Sabah erkenden Shinkansen dedikleri kurşun tren ile yola koyuldum. Yaklaşık 1000km olan yol bu hızlı trenle 3.5 saat sürüyor. Muhteşem yani. Oraya vardığımda anlaştığmız üzere arkadaşımla istasyonda buluştuk. Önce birlikte güzel bir yemek yedik, konuştuk, hasret giderdik. Sonra bulunduğumuz Kokura kasabasını gezmeye başladık.

Kokura çok güzel, çok şirin bir kasaba. Eski dönemlerden kalma kalesi, tapınağı ve bunların etrafına inşa edilmiş çağdaş binalarla süslü olan kasaba; insanların en çok gezindiği, etrafı yeşilliklerle bezenmiş nehrin çevresine inşa edilmiş durumda. Kokura, 1945’te, tarihi boyunca her zaman sivilleri katleden ABD’nin atom bombasını Hiroshima'dan sonra hedeflediği ikinci yerdi. Ancak bombanın atılacağı gün Kokura, daha önce ateş altına alınan komşusu Yahata’dan yükselen dumanlarla kaplı olduğundan ABD hedef değiştirerek atom bomasını Nagasaki halkının üstüne bırakmıştı. Haçlı batının tarih boyunca yaptıkları masum insan katliamlarını anlatmak bu satırlara sığmaz. Bu yüzden ben konuyu değiştirmeden gezimi anlatmaya devam edeyim.

Genellikle gittiğim yabancı ülkelerde değişik tesadüflerle karşılaşıyorum. Bu konuda şimdiye kadar çok şanslı oldum diyebilirim. İrlanda’ya gittiğimde ülke AB’ne kabul edilmişti ve onun hem kutlamalarına şahit olmuştum hem de protesto gösterilerinin içinde kendimi bulmuştum. Hong Kong’a gittiğim gün cadılar bayramıydı ve çok eğlenceli bir gece geçirmiştim. Kokura’yı gezdiğim o gün ise öğrencilerin dans festivali vardı. Onların gösterilerini izlemek çok eğlenceliydi.

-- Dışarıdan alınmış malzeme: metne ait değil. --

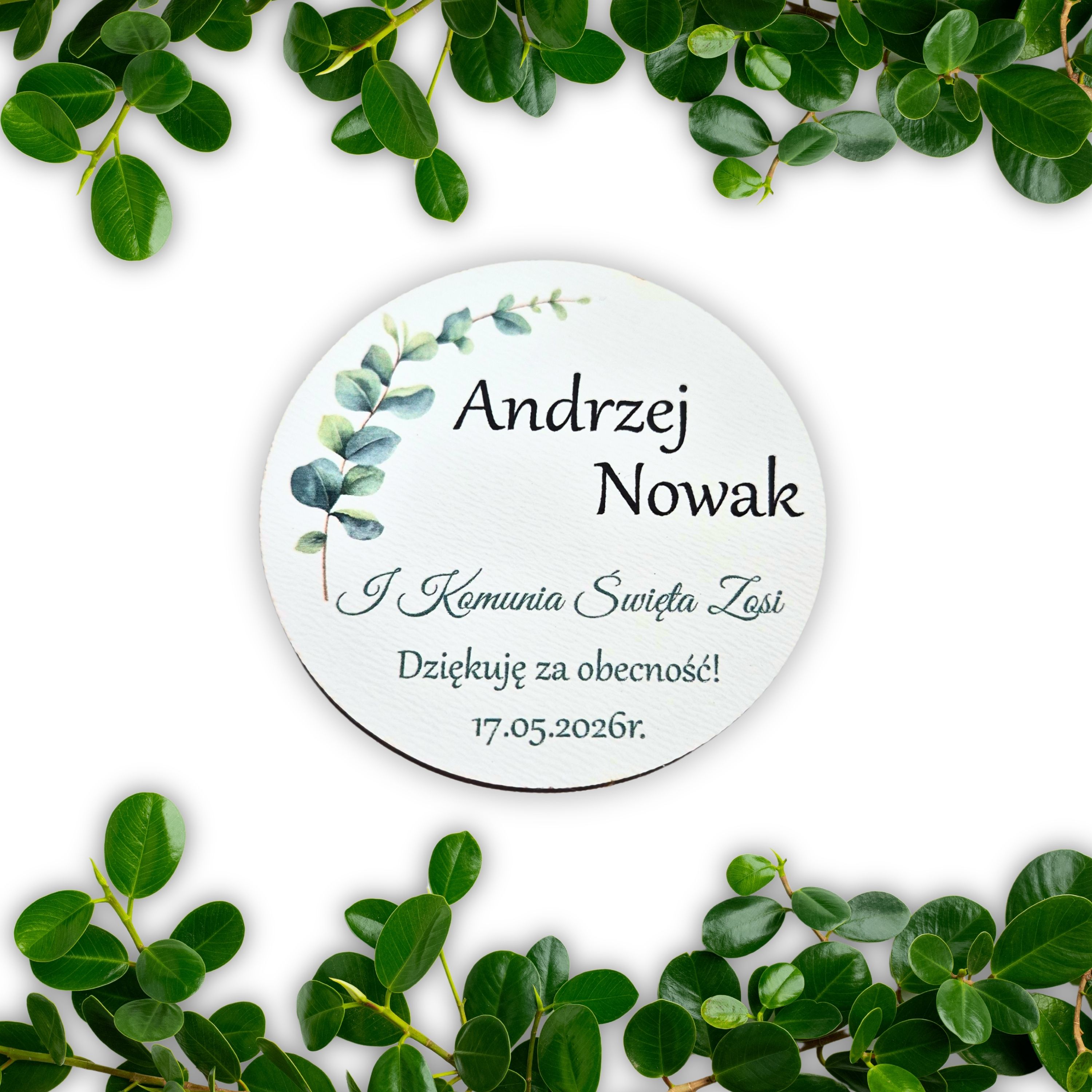 Personalizowane podziękowanie na Komunię dla gości  - Magnes HDF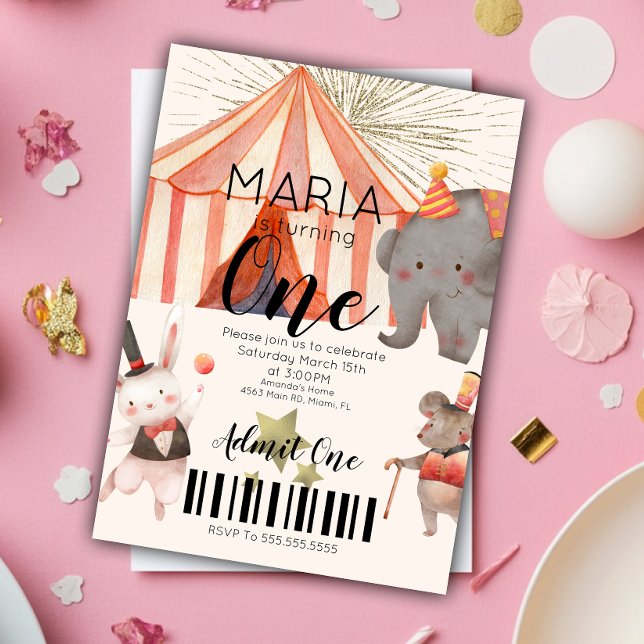 Circus First Birthday Ticket  Invitation (Creator Uploaded)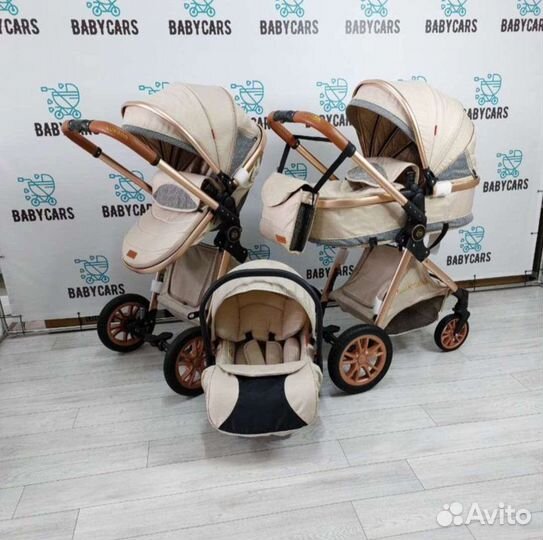 Коляска 3в1 трансформер Новая (Беж)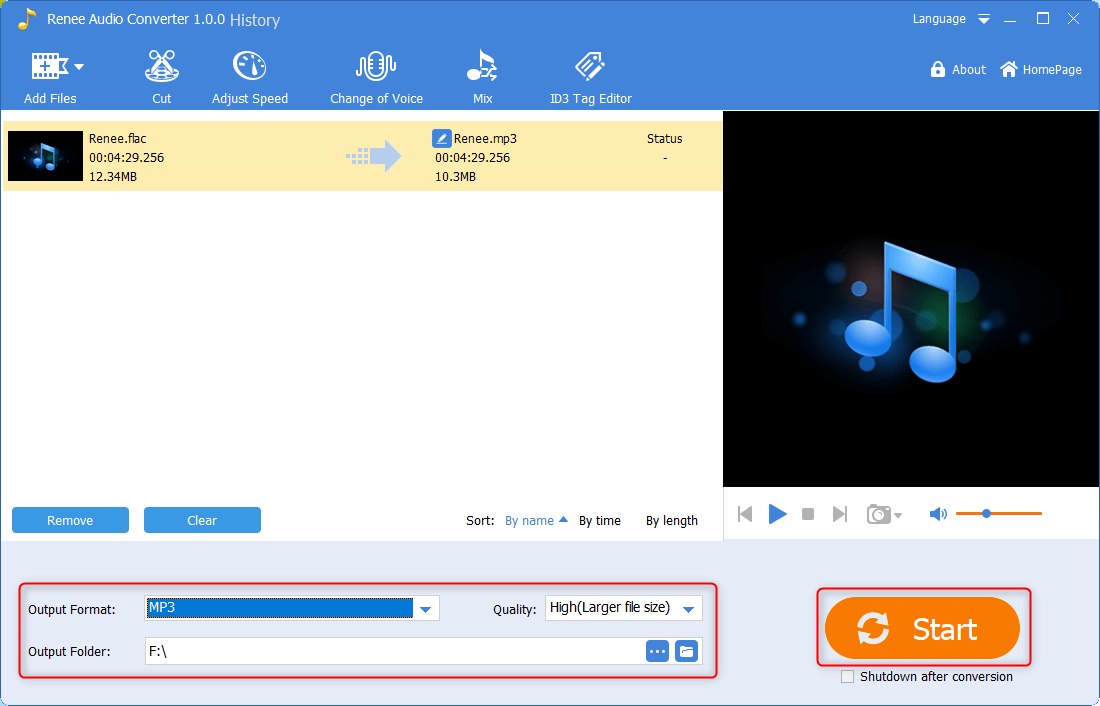 use renee audio converter to convert flac to mp3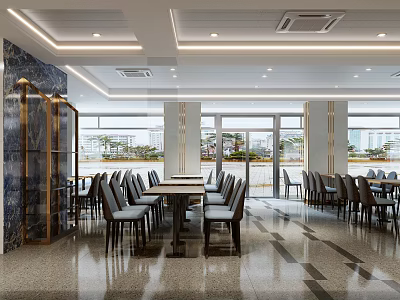 Modern Spacious Restaurant Interior With Bright Lighting Tables Chairs Large Windows And Marble Floor 3d model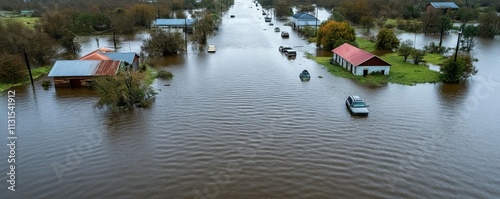Abandoned vehicles on flooded highways, flood disaster, transportation shutdown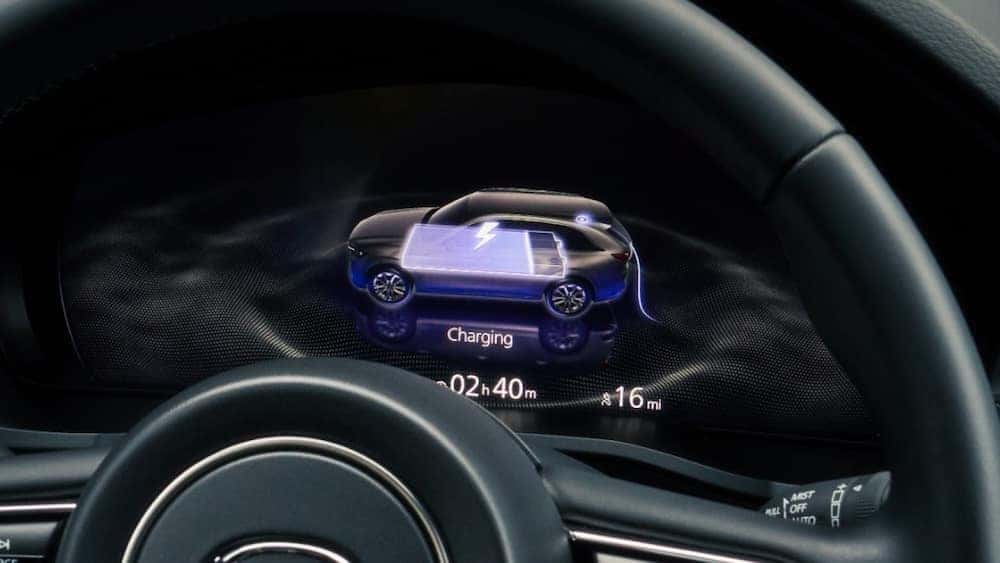 2026 Mazda CX-90 PHEV interior display showing charge. Mazda PHEV SUV.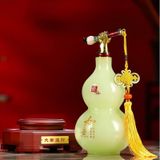  Bầu hồ lô may mắn thu hút tài lộc BK-ST004700VN-3172 chất liệu ngọc tráng men+men+đế gỗ 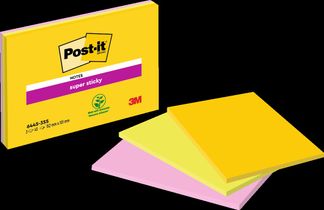Post-it - Notes Super Sticky - Grand Format - 152 mm x 101 mm - 45 Feuilles/Bloc - 3 Blocs/Paquet - couleurs assorties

Kaleyi, tapınağı ve bunların hemen yanında olan küçük parkı gezdik. Küçük park dediğim yer gerçekten küçük. Minyatür bir göl, gölün etrafı yemyeşil, içinde sadece bir tane altın renkli balık, göle bakan eski bir Japon evi.. Huzur dolu bir yer. Giriş ücretli ama geleneksel Japon seremonisiyle hazırlanan ve ikram edilen yeşil çay ücrete dahil. Çayımız hazırlanırken oradakilerle arkadaşımın tercümanlığı sayesinde güzel bir de sohbet ettik. Akşam üzeri ise güzel bir yemek ve tatlıyla biten o günkü gezimizi tamamladık.

Ertesi gün arkadaşımın yaşadığı kasabaya, Mojiko’ya gittim. Bir başka şirin olan bu kasabada arkadaşımla birlikte harika bir gün geçirdim. Japonya’nın en ünlü balık pazarlarından biri olarak bilinen yerde suşi yedim ve ilk defa balon balığı ile balina etini tatma fırsatı buldum. Her ikisini de çok beğendim. Şehrin akvaryum-müzesinde değişik balıkları görme, yunus ve fokların gösterilerini izleme fırsatı da bulabildim. Kıyı şeridindeki güzel bir gezinti ve alış verişten sonra şehrin tarihi fabrikasında üretilen Sakura Birası eşliğinde, yine bölgeye özel yeşil renkli ‘soba’ yemeği yedik. Hiç unutamayacağım bir hafta sonunu benimle birlikte geçiren arkadaşımla buruk bir vedalaşmadan sonra eşimle buluşacağımız Kobe’ye gitmek üzere yola koyuldum.